タチヤーナの傷つきやすさに、年をとってますます同情する自分が可笑しかった。断崖絶壁に立たされて、「この想いは妄想だろうか、現実となるだろうか」と祈る。生と死の境目を彷徨って書いた手紙を馬鹿にされ、玉突き事故のように事態は極端に悪い方へ転がっていく。
思うのは、タチヤーナの恋はただの恋ではなく、生まれて初めて出会った分身への愛であり、生きていることの証を相手から得たいという渇望だったということで、甚だこの世的ではない。オネーギンとタチヤーナは磁石のマイナス同士で、似すぎているのだ。

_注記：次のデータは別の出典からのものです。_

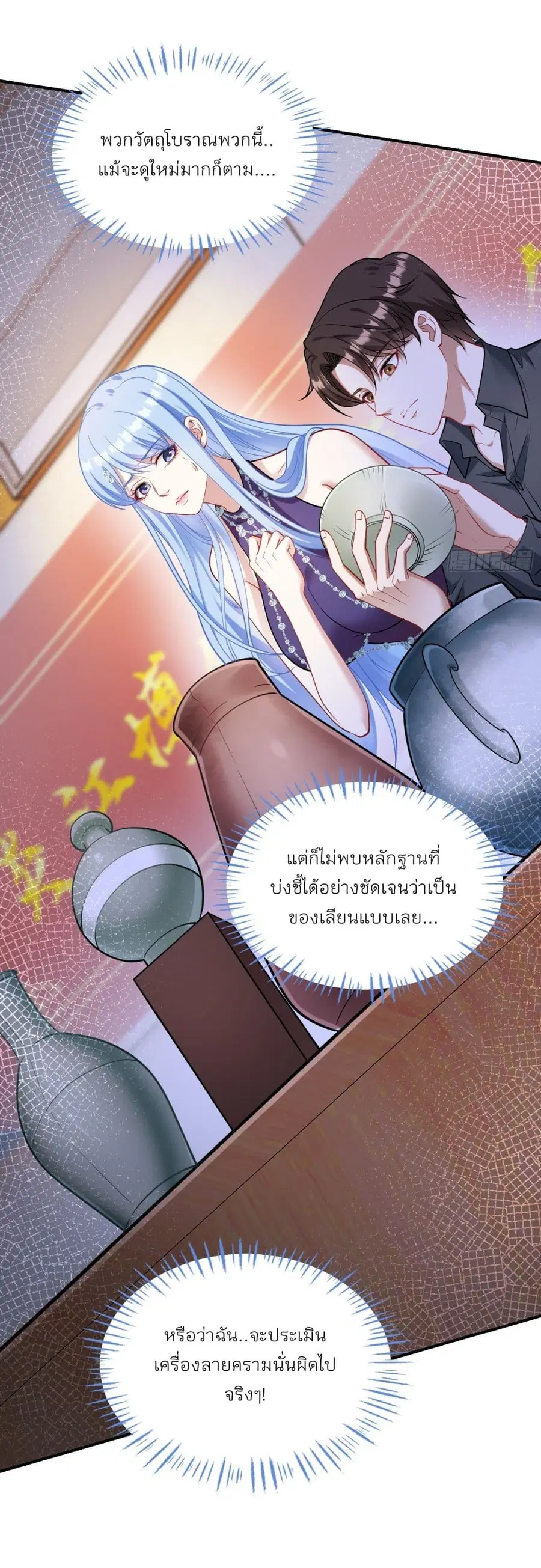 Became a Billionaire After Dog Licking Improperly ตอนที่ 64 — หน้า 39 จาก 42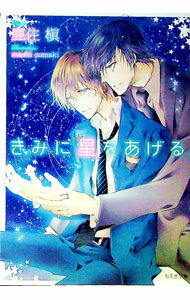Rakuten - 【中古】きみに星をあげる。 / 鹿住槇 ボーイズラブ小説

三幕で少ししか歌わないグレーミン公爵は「歌い得」としか言いようがないいい役で、バスのアレクサンドル・ツィムバリュクがロシアの地熱を思わせる低音で若妻タチヤーナへの愛を歌って大喝采を得た。
今更なぜオネーギンが人妻になったタチヤーナを追いかけるのか、特に女性はこの心理を由々しく不可解に思うことが多い。他人のものになって悔しいから。過ぎ去った青春の象徴だから。クランコ振付のバレエ『オネーギン』を見たときも、毎回色々なことを考える。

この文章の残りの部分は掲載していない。